Exercise brief> Using the listing below, retype exactly the lines starting at the one with "Figure 2 for" and ending at the one with "Standard Curve - Human", and include both.

Available data>
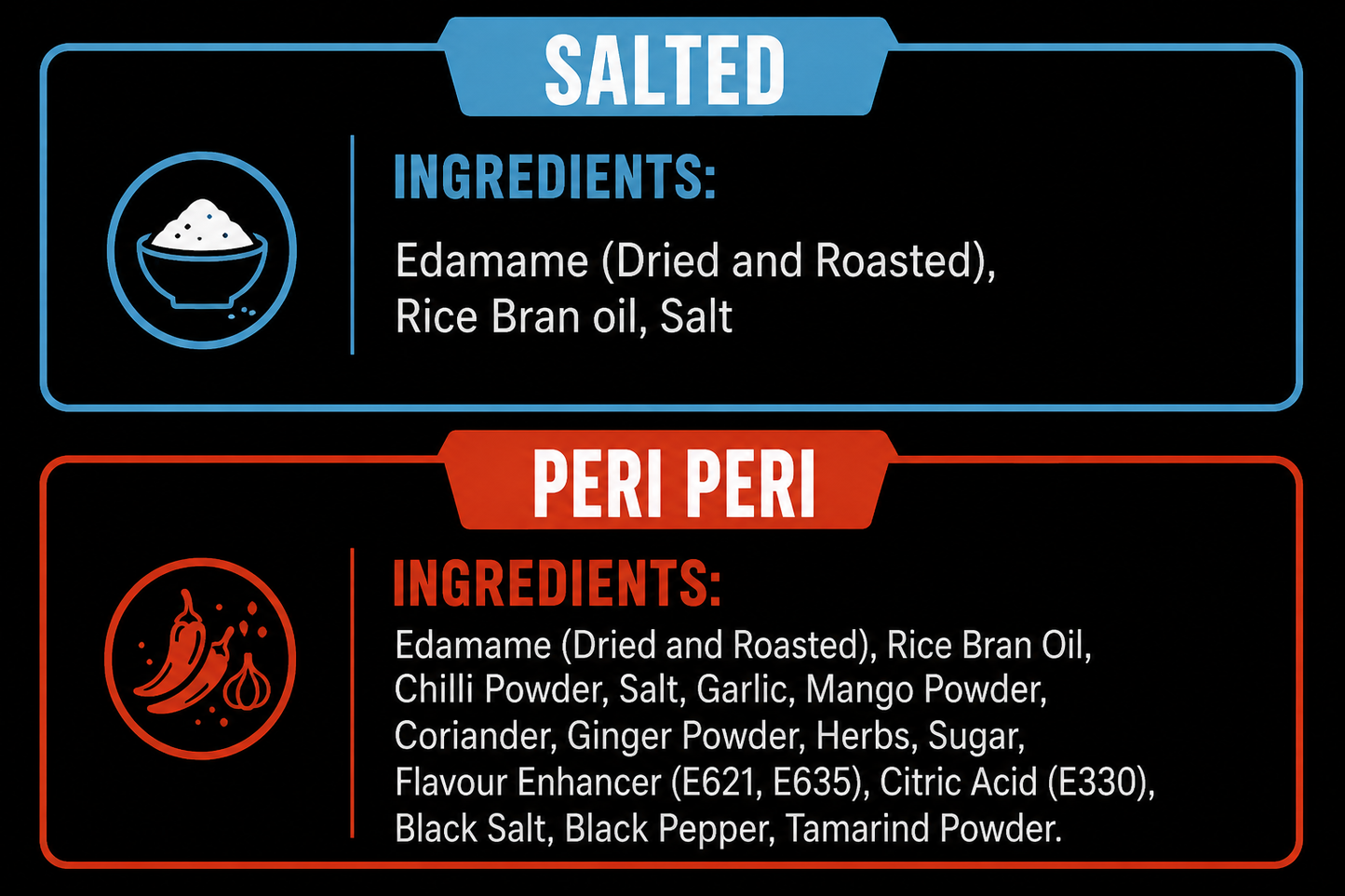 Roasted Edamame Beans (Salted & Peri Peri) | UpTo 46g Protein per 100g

...

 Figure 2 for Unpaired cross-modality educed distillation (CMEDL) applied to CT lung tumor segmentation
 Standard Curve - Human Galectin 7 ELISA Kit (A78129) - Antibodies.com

==

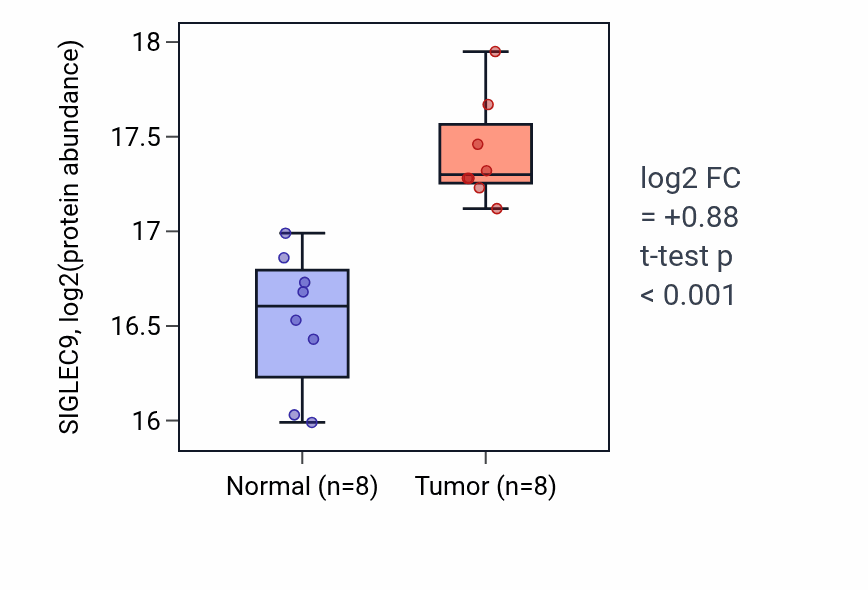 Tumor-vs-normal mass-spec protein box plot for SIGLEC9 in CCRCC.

Expected answer>
 Figure 2 for Unpaired cross-modality educed distillation (CMEDL) applied to CT lung tumor segmentation
 Standard Curve - Human Galectin 7 ELISA Kit (A78129) - Antibodies.com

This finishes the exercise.